Securing your keys with passphrases is more secure, but in this case you need to use it each time you connect. The choice depend of the level of security you want.

 

At the end you will have an output like this

 

Your identification has been saved in /home/admin/.ssh/id_rsa.
Your public key has been saved in /home/admin/.ssh/id_rsa.pub.
The key fingerprint is:
SHA256:XXXXXXXXXXXXXXXXXXX5GcBMBXXXXXXXXXXM admin@xxx
The key's randomart image is:
+---[RSA 4096]----+
|XXXX             |
|XX               |
|X X XX XXX       |
|XXX X XXX        |
|X XXXX X  XX     |
| XX XX           |
|   X             |
| X               |
|                 |
+----[SHA256]-----+

You have now 2 files in the directory /home/admin/.ssh/ a private key id_rsa and a public key id_rsa.pub

 

Remember that the private key id_rsa should not be given to anyone who should not have the right to access to your server!

 

Rename the Public Key

 

if you generate the keys directly on the server rename the public key id_rsa.pub in authorized_keys like this

 

admin@xxx:~/.ssh$ sudo mv id_rsa.pub authorized_keys

And retrieve the private key id_rsa on your computer (not let it on the server!)

 

Putty case

 

Putty users, you need to load the private key id_rsa in PuTTYgen then save the private key for have it in .ppk format

 

Disabling Password Authentication

 

If you were able to login to your account using SSH with the private key then you have successfully configured SSH key-based authentication to your account.
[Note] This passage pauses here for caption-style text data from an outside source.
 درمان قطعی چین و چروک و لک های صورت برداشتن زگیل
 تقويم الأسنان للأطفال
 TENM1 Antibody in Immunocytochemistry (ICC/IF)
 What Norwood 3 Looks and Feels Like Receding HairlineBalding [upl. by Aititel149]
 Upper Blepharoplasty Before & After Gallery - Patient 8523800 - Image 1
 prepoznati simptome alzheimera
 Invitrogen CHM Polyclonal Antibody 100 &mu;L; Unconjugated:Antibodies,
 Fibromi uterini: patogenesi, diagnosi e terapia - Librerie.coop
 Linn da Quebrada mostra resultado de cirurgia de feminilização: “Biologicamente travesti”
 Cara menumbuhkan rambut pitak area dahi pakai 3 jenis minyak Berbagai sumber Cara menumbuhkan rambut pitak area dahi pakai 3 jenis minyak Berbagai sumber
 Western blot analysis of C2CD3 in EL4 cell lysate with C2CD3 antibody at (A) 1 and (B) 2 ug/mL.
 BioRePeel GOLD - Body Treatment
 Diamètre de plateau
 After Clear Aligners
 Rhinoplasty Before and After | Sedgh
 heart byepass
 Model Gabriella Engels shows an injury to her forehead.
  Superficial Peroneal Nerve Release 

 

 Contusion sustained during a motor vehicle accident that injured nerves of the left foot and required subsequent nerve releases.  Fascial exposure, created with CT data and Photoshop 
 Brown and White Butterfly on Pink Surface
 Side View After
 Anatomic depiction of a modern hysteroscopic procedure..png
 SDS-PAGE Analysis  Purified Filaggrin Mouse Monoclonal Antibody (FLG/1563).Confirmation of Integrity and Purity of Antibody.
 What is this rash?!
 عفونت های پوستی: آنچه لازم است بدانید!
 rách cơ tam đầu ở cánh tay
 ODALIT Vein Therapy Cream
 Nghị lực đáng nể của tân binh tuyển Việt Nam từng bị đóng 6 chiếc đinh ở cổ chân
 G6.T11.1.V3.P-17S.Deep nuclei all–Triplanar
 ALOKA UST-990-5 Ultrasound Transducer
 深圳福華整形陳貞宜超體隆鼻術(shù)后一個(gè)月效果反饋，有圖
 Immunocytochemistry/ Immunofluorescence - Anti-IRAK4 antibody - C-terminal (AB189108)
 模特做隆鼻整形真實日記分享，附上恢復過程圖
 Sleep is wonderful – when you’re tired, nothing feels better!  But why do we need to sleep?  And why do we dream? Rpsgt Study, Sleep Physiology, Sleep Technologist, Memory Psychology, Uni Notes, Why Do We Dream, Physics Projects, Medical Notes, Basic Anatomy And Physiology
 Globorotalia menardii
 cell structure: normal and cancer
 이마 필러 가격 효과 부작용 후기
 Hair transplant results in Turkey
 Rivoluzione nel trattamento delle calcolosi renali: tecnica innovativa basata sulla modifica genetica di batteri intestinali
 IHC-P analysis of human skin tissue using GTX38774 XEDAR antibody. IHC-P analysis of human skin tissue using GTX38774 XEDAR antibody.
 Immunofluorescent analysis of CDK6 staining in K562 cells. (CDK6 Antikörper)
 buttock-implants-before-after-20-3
We can now remove the authentication with password only in the ssh config file (not hesitate to change also the port number 22 if you want).

 

admin@xxx:~/.ssh$ sudo vim /etc/ssh/sshd_config

Search for a directive called PasswordAuthentication. This may be commented out. Uncomment the line and set the value to “no“. This will disable your ability to log in through SSH using account passwords.

 

# Change to yes to enable challenge-response passwords (beware issues with
# some PAM modules and threads)
ChallengeResponseAuthentication no

# Change to no to disable tunnelled clear text passwords
PasswordAuthentication no

Save and close the file when you are finished. To actually implement the changes we just made, you must restart the service.

 

admin@xxx:~/.ssh$ sudo service ssh restart

 

Basic Firewall

 

The default firewall configuration tool for Ubuntu is ufw. It’s an interface to iptables.

 

Allow an application or a TCP/UDP port

 

To add an application you can use the command below to list all application

 

admin@xxx:~/$ sudo ufw app list

You will have this in Output

 

Available applications:
 OpenSSH

To allow OpenSSH (ssh) use this command

 

admin@xxx:~/$ sudo ufw allow OpenSSH

You can also use directly the TCP or UDP port number

 

in standard case of port 22

 

admin@xxx:~/$ sudo ufw allow ssh

in case you change the port use this (where XX is the port number).  keep always the port number below 1024 as these are privileged ports that can only be opened by root or processes running as root. A good link to find an available tcp port under 1024 : wikipedia

 

admin@xxx:~/$ sudo ufw allow XX

when you want specify a specific protocole add the proto tcp (exemple for TCP only)

 

Activate ufw

 

To enable ufw, use this command:

 

 admin@xxx:~/$ sudo ufw enable
 Command may disrupt existing ssh connections. Proceed with operation (y|n)?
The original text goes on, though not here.